La esencia del amor es hermosa, porque es una donación recíproca de sentimientos, un ser con alguien, un intercambio de pronombres sellado en un usted y un yo, dibujando una profecía.
El amor es un sueño ausente, la belleza de un amanecer que se desliza fugaz cuando toca los labios del día, la aventura del infinito que finaliza cuando se vuelve real y sólo deja momentos bellos.
Debe haber un sitio especial en el tiempo para aquellos amores peregrinos, ¿dónde estarán?
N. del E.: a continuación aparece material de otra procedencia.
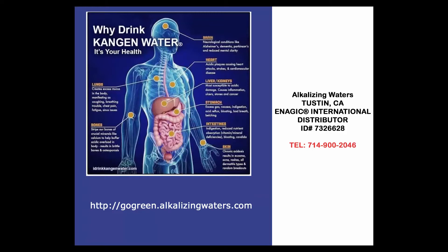If you're interested in learning more about kangen water and the many benefits of the kangen water machine, visit the website below at gogreen.alkalizingwaters.com. If you have any questions you can also give me a call, but visiting the website will give you all the information you need. You can try out the benefits for yourself in the comfort of your home. Thank you.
De seguro, cada uno de ellos posee, como signo, una astilla de fuego lento que se apagó dejando rescoldos de vida.
Es que el amor es de rincones, de esquinas y de huellas, en fin, de esos pedacitos de nostalgia que superaron el olvido y nutren la espiritualidad, con ese parentesco bonito que tiene con la melancolía.
Por eso está ahí, vigente, en la magia de la soledad, colgado de alguna canción, o sembrado en una vieja fotografía que se volvió añoranza azul de aquellas épocas en que contaba la ternura.
Cada amor se acogió a la sentencia de los caminos que, cuando terminan, abren otros y sólo continúa ese que tiene sembrado en sus pasos una mejor versión del viento, una esperanza que aún posee eco en el silencio.
Lo mejor es cerrar los ojos para verlo sólo con la gratitud por quienes recibieron nuestras ilusiones en las suyas, y reconocer su belleza como la de la flor que, aunque marchita, sigue hermosa en el pensamiento.